Mother signed a waiver of her right to reunification services, conditional on the guardianship being approved. The court ordered C.T. retained in out-of-home placement, and ordered a guardianship home assessment. Father objected to a portion of the case plan that required him not to use alcohol or drugs for 24 hours before a visit with C.T., taking the position that the record did not support that requirement. The juvenile court admonished Father that he needed to work with the social worker to arrange visitation, noting that at times he had failed to do so out of frustration about his pending appeal. The court warned Father, "you don't benefit [C.T.] by not engaging the process, even if your appeal comes through, because that's going to take a while. And so to not fully engage the process really does cut off your own nose to spite your own face."
At an October 20, 2011 hearing, Father reiterated his objection to the alcohol and drug condition to his visitation, but requested assistance with parenting education classes. Counsel for the Department stated that Father had "absolutely refused" to participate in normalization services, and that the Department had stopped offering those services based on his own request.
At a November 29, 2011 dispositional hearing, Father took the position that he did not agree either to the guardianship or to waive reunification services, and said he wished to have custody of C.T. Father also objected to the proposed case plan; his counsel stated: "Should the Court wish to proceed over [F]ather's objection on the guardianship, we also have an objection to the case plan as it applies to [F]ather. . . . [I]t indicates requirements, particularly, that [Father] will develop appropriate parenting skills. Again, there is no discussion about him or his need for requirements of services in the report to support any such case plan component. He has previously indicated a continuing desire to have a parenting class. I don't believe that has begun. But if he did so, I believe it should be voluntary . . . ."
The juvenile court ordered a permanent plan of legal guardianship with Grandmother as guardian. In doing so, it concluded that although Father had not waived services, "the status of the case does not require that there be a waiver by the father to proceed at this time." The court also found by clear and convincing evidence that it would be detrimental to place C.T. in Father's custody. Unsupervised visitation between Father and C.T. was ordered, to take place twice a week as long as Father was sober.
II. DISCUSSION
A. Waiver of Services
Father contends the juvenile court erred in ordering the guardianship under section 360 over his objection and in the absence of his waiver of reunification services.

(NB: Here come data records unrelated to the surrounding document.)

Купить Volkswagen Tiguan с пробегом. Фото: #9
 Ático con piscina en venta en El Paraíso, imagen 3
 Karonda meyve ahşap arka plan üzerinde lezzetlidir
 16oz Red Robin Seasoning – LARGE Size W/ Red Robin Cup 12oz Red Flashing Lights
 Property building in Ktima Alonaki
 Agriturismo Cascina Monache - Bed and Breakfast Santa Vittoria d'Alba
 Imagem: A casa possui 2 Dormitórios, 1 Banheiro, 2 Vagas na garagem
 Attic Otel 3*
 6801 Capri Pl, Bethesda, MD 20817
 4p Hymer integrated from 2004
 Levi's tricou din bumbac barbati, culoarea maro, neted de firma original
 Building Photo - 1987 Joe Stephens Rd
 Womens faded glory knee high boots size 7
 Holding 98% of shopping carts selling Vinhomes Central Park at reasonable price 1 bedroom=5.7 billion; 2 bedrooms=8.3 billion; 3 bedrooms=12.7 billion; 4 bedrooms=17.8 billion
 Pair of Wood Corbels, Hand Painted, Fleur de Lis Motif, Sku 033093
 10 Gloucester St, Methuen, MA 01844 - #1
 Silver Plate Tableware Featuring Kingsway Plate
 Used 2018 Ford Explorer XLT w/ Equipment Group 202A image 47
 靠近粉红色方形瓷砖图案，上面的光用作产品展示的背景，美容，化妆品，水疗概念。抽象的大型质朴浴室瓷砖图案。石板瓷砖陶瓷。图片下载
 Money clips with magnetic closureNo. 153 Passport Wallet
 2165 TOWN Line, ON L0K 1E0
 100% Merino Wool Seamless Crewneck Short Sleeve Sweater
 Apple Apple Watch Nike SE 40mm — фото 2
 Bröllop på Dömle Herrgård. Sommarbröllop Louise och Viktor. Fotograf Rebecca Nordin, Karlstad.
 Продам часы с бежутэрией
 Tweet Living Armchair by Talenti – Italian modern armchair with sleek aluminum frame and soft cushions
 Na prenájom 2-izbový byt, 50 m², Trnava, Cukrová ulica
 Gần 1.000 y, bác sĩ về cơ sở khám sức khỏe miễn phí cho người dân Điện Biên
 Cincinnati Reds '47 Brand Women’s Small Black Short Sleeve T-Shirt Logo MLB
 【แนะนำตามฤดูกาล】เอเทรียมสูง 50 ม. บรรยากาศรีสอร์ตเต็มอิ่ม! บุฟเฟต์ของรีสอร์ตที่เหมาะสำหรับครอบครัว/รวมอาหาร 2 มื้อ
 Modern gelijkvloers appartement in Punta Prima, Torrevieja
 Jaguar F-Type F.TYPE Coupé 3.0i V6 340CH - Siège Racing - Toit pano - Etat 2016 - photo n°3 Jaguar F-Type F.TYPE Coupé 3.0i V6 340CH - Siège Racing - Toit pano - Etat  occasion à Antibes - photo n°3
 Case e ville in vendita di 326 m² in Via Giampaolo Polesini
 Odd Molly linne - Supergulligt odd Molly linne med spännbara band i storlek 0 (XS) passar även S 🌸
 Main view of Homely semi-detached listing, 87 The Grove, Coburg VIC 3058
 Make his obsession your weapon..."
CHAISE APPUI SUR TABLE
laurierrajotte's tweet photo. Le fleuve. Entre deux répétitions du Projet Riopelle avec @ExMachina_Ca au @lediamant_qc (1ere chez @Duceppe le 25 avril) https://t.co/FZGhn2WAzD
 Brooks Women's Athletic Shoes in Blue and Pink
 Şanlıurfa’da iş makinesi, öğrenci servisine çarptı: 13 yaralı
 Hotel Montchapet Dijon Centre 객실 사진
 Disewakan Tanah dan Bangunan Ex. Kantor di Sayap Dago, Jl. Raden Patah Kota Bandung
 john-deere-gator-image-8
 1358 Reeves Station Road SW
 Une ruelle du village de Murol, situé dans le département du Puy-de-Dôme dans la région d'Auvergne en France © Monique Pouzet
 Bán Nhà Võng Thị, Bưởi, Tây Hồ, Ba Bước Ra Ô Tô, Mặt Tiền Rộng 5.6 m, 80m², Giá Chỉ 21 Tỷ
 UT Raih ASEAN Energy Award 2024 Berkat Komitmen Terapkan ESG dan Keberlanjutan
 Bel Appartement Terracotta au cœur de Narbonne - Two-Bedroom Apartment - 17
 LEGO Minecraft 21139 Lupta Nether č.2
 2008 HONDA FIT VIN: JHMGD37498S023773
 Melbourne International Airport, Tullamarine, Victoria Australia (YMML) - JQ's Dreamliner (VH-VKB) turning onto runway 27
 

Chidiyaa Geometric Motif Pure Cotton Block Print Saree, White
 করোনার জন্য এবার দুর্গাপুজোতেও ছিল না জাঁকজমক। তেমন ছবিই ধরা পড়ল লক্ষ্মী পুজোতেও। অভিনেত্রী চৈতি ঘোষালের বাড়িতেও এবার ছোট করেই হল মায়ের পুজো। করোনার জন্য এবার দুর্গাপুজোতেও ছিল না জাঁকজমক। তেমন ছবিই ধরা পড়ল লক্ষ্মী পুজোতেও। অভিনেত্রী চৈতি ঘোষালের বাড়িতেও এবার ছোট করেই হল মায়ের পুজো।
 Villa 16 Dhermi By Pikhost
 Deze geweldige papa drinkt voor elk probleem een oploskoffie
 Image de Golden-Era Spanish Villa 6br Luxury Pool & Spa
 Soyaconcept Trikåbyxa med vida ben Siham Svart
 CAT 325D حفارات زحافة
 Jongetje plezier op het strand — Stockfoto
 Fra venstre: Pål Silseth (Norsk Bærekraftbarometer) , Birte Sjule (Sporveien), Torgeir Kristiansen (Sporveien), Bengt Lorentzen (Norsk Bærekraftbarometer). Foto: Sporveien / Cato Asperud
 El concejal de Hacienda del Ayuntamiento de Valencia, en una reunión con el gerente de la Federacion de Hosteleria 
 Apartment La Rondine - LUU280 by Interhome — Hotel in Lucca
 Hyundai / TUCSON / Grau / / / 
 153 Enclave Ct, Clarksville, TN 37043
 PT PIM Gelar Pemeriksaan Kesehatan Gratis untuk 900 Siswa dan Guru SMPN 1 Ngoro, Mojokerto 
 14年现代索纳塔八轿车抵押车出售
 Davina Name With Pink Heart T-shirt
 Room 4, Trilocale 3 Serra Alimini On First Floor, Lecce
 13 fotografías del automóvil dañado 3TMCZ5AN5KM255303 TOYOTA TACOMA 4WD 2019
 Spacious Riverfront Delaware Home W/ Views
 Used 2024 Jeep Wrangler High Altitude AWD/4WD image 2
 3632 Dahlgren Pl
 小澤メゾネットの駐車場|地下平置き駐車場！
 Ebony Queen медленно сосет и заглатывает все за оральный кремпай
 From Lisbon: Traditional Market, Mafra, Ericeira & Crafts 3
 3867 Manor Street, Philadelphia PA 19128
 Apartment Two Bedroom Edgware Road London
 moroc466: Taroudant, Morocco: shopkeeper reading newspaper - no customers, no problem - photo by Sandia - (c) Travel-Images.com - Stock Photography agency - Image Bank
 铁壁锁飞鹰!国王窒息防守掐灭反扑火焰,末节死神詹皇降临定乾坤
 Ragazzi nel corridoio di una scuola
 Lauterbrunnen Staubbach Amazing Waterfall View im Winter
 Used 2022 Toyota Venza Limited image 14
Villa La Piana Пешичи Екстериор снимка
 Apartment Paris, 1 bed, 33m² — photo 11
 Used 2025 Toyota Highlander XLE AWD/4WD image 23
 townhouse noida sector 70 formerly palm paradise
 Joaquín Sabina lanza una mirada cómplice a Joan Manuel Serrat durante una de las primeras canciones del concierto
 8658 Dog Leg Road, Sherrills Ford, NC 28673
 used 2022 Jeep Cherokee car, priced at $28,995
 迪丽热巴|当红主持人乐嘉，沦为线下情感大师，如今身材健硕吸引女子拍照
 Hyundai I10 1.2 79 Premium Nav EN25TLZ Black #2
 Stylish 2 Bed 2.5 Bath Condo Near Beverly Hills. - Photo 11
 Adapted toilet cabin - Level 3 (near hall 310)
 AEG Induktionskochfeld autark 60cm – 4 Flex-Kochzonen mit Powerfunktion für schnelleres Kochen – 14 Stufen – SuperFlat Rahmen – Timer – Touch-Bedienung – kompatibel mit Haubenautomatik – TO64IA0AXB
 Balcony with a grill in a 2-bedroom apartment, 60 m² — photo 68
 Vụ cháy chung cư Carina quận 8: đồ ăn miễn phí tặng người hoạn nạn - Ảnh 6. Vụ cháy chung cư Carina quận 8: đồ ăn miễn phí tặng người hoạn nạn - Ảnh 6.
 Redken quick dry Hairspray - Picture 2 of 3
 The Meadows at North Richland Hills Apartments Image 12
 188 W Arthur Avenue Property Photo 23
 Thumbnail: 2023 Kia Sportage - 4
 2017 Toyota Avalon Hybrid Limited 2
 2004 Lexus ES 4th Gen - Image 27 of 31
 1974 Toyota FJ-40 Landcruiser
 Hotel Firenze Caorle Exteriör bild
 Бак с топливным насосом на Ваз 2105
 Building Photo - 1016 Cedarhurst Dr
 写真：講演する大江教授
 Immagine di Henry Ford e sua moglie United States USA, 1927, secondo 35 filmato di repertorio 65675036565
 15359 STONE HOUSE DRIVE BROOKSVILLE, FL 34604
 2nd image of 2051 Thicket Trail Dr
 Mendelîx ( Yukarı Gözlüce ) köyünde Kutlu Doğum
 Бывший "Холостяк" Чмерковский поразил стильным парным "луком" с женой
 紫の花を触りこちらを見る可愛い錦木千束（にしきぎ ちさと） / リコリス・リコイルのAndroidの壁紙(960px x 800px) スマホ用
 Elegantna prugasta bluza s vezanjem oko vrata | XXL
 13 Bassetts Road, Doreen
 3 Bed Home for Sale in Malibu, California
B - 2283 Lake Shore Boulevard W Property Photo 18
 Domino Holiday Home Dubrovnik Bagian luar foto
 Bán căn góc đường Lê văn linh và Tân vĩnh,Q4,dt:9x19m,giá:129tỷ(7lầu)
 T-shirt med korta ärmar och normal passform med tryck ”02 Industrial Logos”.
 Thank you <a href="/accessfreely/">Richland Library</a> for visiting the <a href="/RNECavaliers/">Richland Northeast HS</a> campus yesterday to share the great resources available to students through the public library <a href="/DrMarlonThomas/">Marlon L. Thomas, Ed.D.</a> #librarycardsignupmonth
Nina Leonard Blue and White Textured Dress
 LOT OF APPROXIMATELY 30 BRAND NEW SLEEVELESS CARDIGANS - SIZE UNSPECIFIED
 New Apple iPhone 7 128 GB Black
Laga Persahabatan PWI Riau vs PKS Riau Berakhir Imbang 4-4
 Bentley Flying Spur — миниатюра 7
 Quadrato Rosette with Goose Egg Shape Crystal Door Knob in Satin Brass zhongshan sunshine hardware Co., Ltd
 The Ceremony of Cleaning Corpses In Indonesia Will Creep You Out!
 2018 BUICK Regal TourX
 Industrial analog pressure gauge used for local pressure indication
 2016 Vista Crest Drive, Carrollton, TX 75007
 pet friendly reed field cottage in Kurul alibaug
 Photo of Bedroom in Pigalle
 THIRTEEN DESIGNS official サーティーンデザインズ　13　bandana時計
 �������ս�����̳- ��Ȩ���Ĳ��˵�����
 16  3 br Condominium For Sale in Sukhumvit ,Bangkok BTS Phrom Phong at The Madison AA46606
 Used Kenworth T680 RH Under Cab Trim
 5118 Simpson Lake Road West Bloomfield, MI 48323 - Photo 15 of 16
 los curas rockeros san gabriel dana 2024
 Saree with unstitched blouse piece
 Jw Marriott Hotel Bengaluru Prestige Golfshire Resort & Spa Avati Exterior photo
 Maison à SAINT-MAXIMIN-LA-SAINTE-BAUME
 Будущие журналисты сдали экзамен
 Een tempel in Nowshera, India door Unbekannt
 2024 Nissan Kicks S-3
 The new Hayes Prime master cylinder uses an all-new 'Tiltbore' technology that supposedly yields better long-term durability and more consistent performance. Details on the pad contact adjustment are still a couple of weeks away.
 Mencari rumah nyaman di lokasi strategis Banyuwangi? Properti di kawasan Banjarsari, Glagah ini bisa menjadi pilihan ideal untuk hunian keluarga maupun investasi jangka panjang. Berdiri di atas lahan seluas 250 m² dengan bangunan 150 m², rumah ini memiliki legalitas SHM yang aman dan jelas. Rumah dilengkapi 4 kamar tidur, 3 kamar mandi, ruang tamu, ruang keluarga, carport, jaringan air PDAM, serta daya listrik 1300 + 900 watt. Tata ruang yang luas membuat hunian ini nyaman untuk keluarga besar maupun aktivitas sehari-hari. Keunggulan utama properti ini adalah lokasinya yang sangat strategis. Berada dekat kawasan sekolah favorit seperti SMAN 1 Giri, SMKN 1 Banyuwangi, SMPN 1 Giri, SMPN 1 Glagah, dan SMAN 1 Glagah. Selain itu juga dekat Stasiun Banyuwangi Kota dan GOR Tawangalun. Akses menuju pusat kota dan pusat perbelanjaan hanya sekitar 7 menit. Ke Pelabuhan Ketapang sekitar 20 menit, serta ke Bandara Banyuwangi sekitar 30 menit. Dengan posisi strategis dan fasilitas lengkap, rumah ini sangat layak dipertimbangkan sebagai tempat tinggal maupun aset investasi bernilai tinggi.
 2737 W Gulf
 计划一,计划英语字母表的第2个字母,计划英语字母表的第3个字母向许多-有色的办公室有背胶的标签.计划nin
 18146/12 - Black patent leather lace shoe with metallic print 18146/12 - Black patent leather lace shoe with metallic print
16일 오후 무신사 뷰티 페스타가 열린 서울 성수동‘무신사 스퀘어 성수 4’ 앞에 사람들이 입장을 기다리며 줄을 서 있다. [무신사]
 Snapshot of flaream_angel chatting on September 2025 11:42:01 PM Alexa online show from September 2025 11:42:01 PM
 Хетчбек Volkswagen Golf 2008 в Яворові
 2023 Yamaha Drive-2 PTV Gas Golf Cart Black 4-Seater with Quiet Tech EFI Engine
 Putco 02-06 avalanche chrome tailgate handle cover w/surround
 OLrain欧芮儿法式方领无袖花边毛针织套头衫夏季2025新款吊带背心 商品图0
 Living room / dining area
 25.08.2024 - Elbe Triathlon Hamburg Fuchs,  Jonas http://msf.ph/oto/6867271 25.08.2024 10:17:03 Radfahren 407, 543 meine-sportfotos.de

Section 360, subdivision (a) provides in pertinent part: "Notwithstanding any other provision of law, if the court finds that the child is a person described by Section 300 and the parent has advised the court that the parent is not interested in family maintenance or family reunification services, it may, in addition to or in lieu of adjudicating the child a dependent child of the court, order a legal guardianship, appoint a legal guardian, and issue letters of guardianship, if the court determines that a guardianship is in the best interest of the child, provided the parent and child agree to the guardianship . . . . The court shall advise the parent and the child that no reunification services will be provided as a result of the establishment of a guardianship . . . [¶] . . . [¶] No person shall be appointed a legal guardian under this section until an assessment as specified in subdivision (g) of Section 361.5 is read and considered by the court . . . ." Under section 361.5, subdivision (g)(1)(A), the assessment must include information on "[c]urrent search efforts for an absent parent or parents and notification of a noncustodial parent in the manner provided for in Section 291." Section 360, subdivision (a), is an " 'alternative procedure for appointing a guardian when the parent acknowledges early in the dependency proceedings that he or she cannot, and will not be able to, even after family reunification services, provide adequate care for the child.' " (In re L.A. (2009) 180 Cal.App.4th 413, 425 (L.A.), quoting In re Summer H. (2006) 139 Cal.App.4th 1315, 1325.)
Similarly, California Rules of Court, rule 5.695(b)(1) provides that a court may appoint a legal guardian for a child at a disposition hearing if "(A) The parent has advised the court that the parent does not wish to receive family maintenance services or family reunification services; [¶] (B) the parent has executed and submitted Waiver of Reunification Services (Juvenile Dependency) (form JV-195); [¶] (C) The court finds that the parent, and the child if of sufficient age and comprehension, knowingly and voluntarily waive their rights to reunification services and agree to the appointment of a legal guardian; and [¶] (D) The court finds that the appointment of the legal guardian is in the best interest of the child."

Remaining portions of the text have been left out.